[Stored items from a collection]
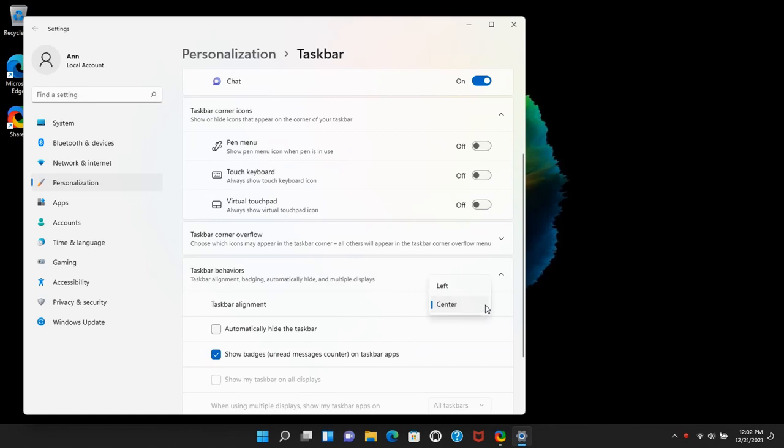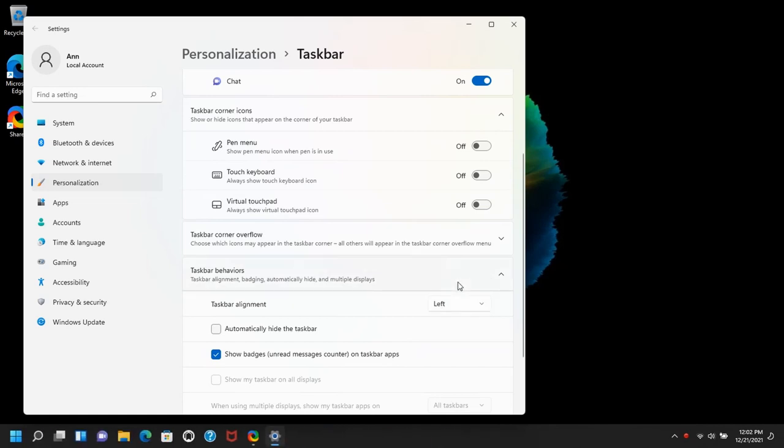Click on that dropdown where it says center, pick left, and magically your taskbar is on the left.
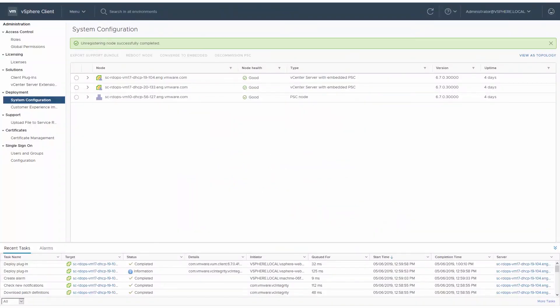For more information on converging platform services controller nodes, see the VMware vCenter server installation and setup guide at docs.vmware.com.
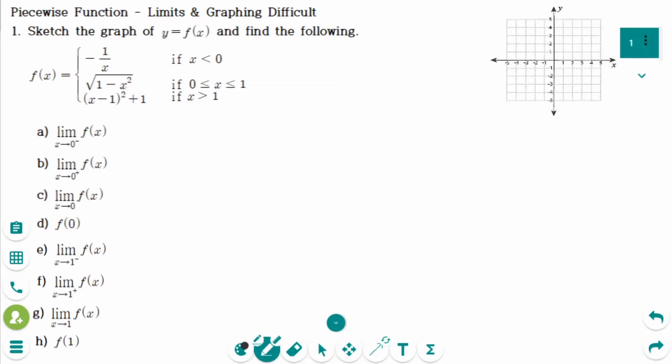This video will cover difficult questions regarding the topic of piecewise functions, limits, and graphing. This is the first question.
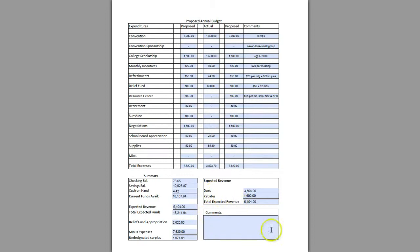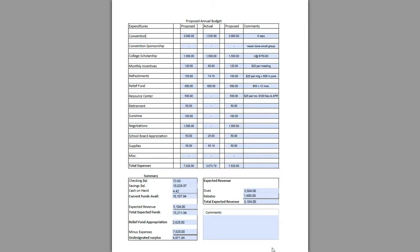It also gives you a free-form comment area where you can add any additional comments, perhaps the date the budget was voted on and approved by the membership. That basically rounds off this presentation of this proposed annual budget.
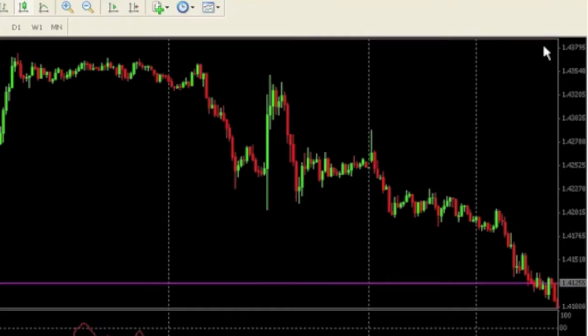Hello traders, this is Hugh and today I'm going to give you a MetaTrader tip on how you can do a little back testing while you're sitting around and your trades might not be setting up.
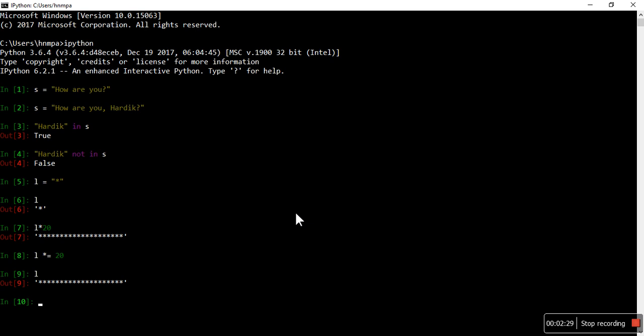Now, escape characters. What are escape characters? Let's say I want to write a string — a paragraph with four lines. How can I divide them into lines? That is called backslash n. Backslash n is an escape character, and all escape characters can be written like this.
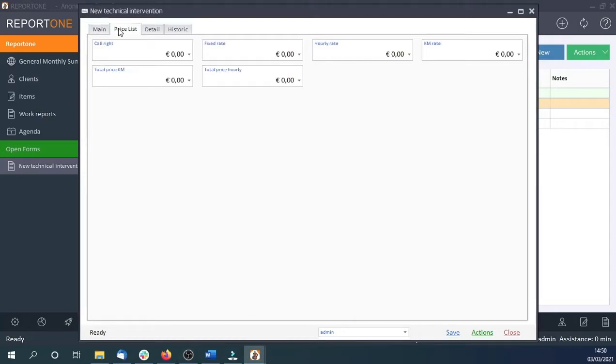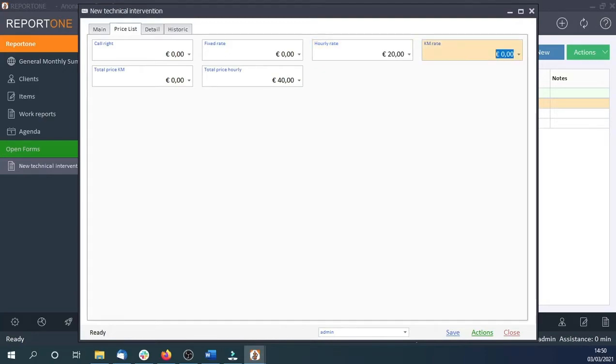Let's set the hourly rate and other required values. We can also add materials like spare parts or articles used for assistance.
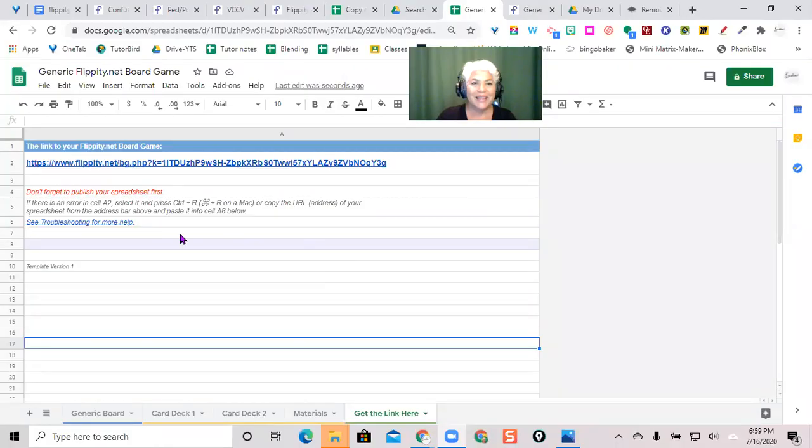Okay, I want to show you how to make images to fill the squares in the Flippity board game. And I'm going to use Google Drawings and I might use my Bitmoji. There we go.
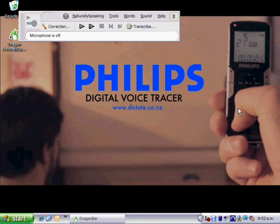Hi, my name is Brock and this is a demonstration of the Philips LFH-667. The 667 combines a Philips digital voice tracer with Dragon NaturallySpeaking.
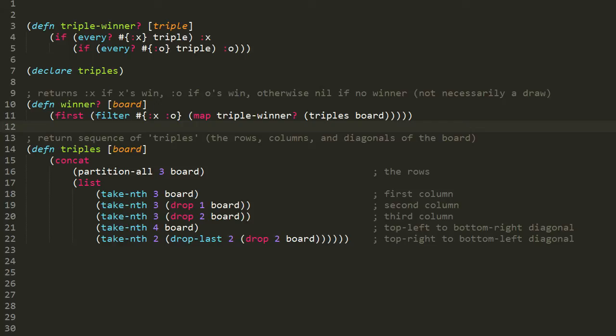Here are three of the first four functions. Starting with the bottom one, the `triples` function accepts an argument of the board. In our program we're going to represent the tic-tac-toe board as a vector of nine elements, where each element is one of the slots on the board, starting from the top left and going right, row by row. The first element is the top left, the second is the top middle, the third is the top right, and so on down to the last element, which is the bottom right. In this vector, an empty slot has the value nil, an X occupying a slot is represented as the keyword :x, and an O is represented as the keyword :o.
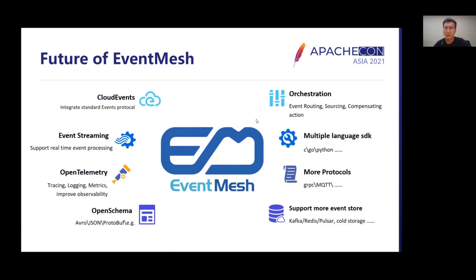EventMesh has many advantages and our community is growing fast, providing us with a lot of valuable feedback. We realize there are still limitations of EventMesh, but our team is confident to improve them and add new features. We are very confident to build it into an excellent Event-Driven multi-runtime. This slide covers the near-term planning of EventMesh, and we welcome everyone to join us.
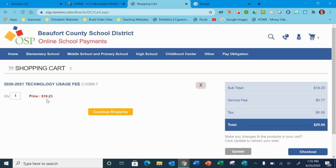I know it says $19.23, but they do add a service fee, which will bring it up to $20. So if you have more than one child or anything else at another school that you want to do, you could do that. If not, go on over here to the checkout menu.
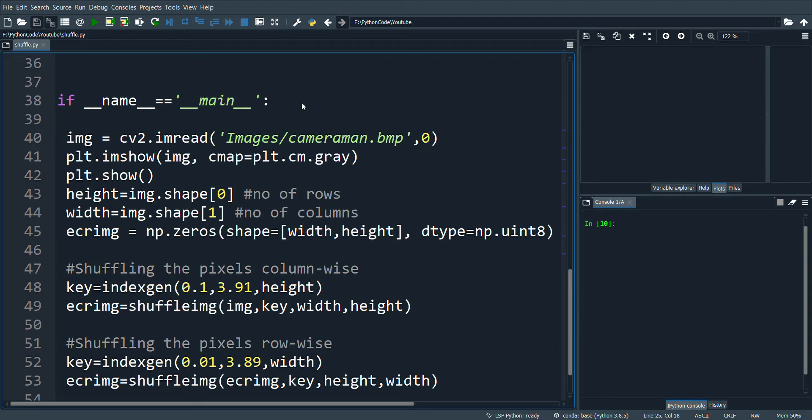There are different ways to shuffle the pixels. Here they are shuffled column-wise and row-wise. Let's see the flow of the program.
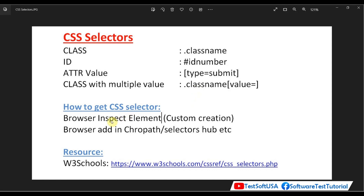If you open your application in any browser like Chrome or Firefox, you can inspect the element and figure out its properties, then create a custom CSS selector from those properties. There are also multiple browser add-ins like ChroPath selector that can figure out CSS selectors for any element. Additionally, W3Schools has documentation with all different types of CSS selectors and tutorials.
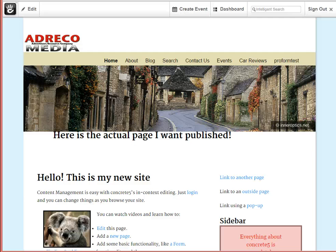Hi and welcome to C5 Basics. Just recently, Concrete5 has released the new 5.7 edition. Now this new edition, 5.7, is a major change from what we've historically been working with.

Problem description ▸
Nothing but the lines above from the line with "Hi, my name" up to and including the line with "If you open" should be returned, exactly as written and without pictures.

Solution to this task ▸
Hi, my name is Brock and this is a demonstration of the Philips LFH-667. The 667 combines a Philips digital voice tracer with Dragon NaturallySpeaking.
Here are three of the first four functions. Starting with the bottom one, the `triples` function accepts an argument of the board. In our program we're going to represent the tic-tac-toe board as a vector of nine elements, where each element is one of the slots on the board, starting from the top left and going right, row by row. The first element is the top left, the second is the top middle, the third is the top right, and so on down to the last element, which is the bottom right. In this vector, an empty slot has the value nil, an X occupying a slot is represented as the keyword :x, and an O is represented as the keyword :o.
EventMesh has many advantages and our community is growing fast, providing us with a lot of valuable feedback. We realize there are still limitations of EventMesh, but our team is confident to improve them and add new features. We are very confident to build it into an excellent Event-Driven multi-runtime. This slide covers the near-term planning of EventMesh, and we welcome everyone to join us.
I know it says $19.23, but they do add a service fee, which will bring it up to $20. So if you have more than one child or anything else at another school that you want to do, you could do that. If not, go on over here to the checkout menu.
There are different ways to shuffle the pixels. Here they are shuffled column-wise and row-wise. Let's see the flow of the program.
If you open your application in any browser like Chrome or Firefox, you can inspect the element and figure out its properties, then create a custom CSS selector from those properties. There are also multiple browser add-ins like ChroPath selector that can figure out CSS selectors for any element. Additionally, W3Schools has documentation with all different types of CSS selectors and tutorials.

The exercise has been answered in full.